IlliniInquirer.com is breaking down each position group daily as Illinois starts fall training camp.
Day 1: Quarterbacks
Day 2: Running backs
Day 3: Wide receivers
Day 4: Tight ends
Day 5: Offensive line
Day 6: Defensive line
Day 7: The hybrids, LEO and STAR
Illinois has a deep group here. Does it have playmakers? That might depend on the performance of the defensive line in front of it. There are a lot of guys who can chase and tackle here, but Illinois needs more game-changing plays out of this group.

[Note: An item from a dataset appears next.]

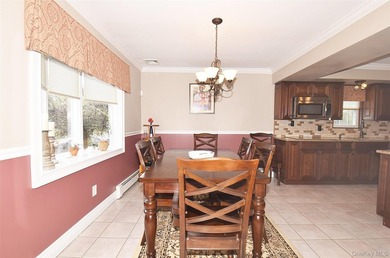 *This beautifully maintained 3bedroom, 2.5-bath home offers a - photo 7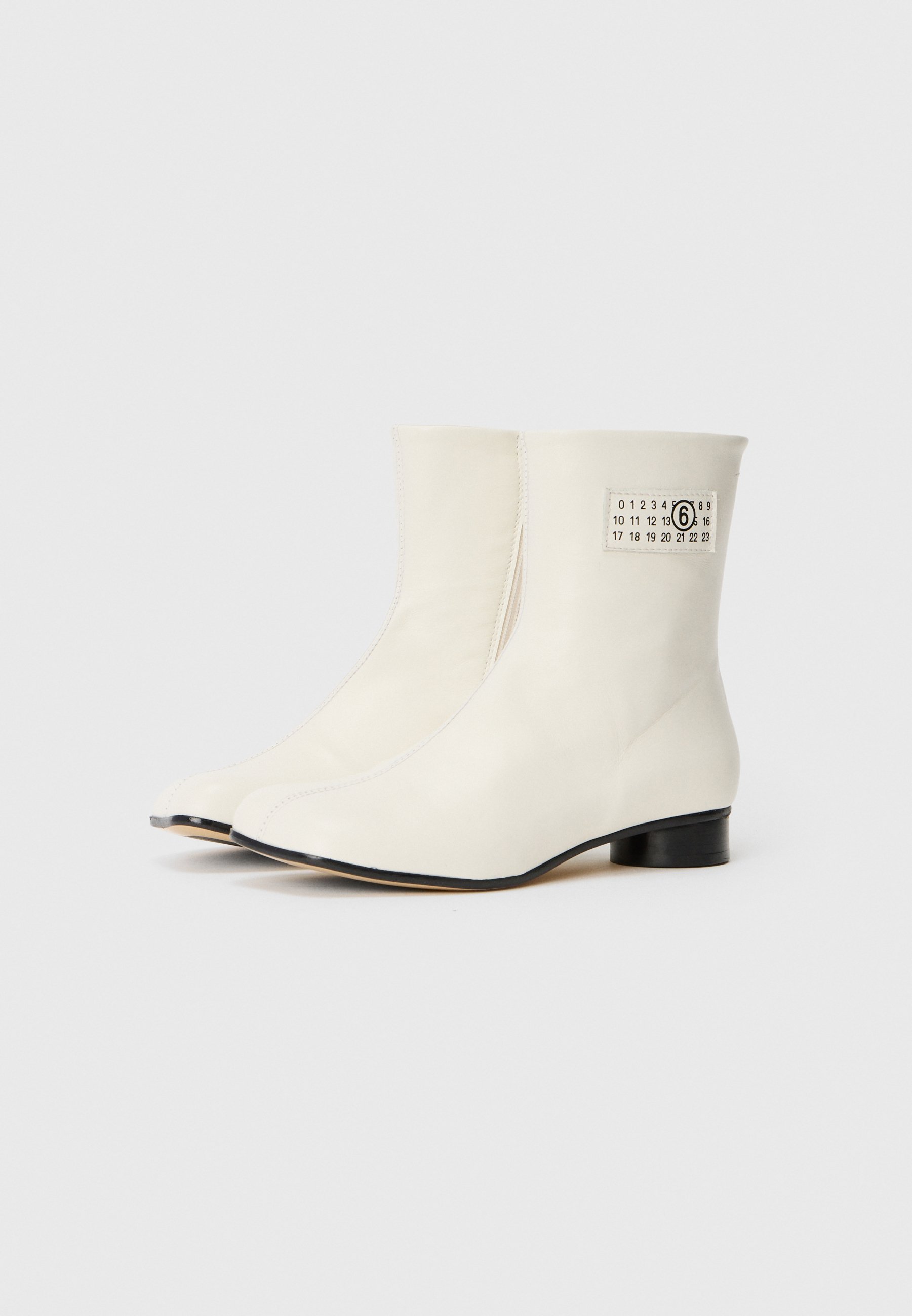 MM6 Maison Margiela Classic enkellaarsjes - gebroken wit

Assuming health, senior Mason Monheim (294 career tackles) will finish among the top-10 in school history in career tackles and has the chance to pass notable names on the list, like Dick Butkus (374), Danny Clark (381) and J Leman (407). Monheim might not have the ceiling of a NFL legend (Butkus), a NFL mainstay (Clark) or an All-American (Leman) – he's not a guy NFL scouts spend a lot of time on – but he has been the model of consistency since his premature placement in the starting lineup as a freshman. You know what you're getting from Monheim – a team leader – every game, and while it might not always be spectacular, it's always productive. Illinois needs more players like that.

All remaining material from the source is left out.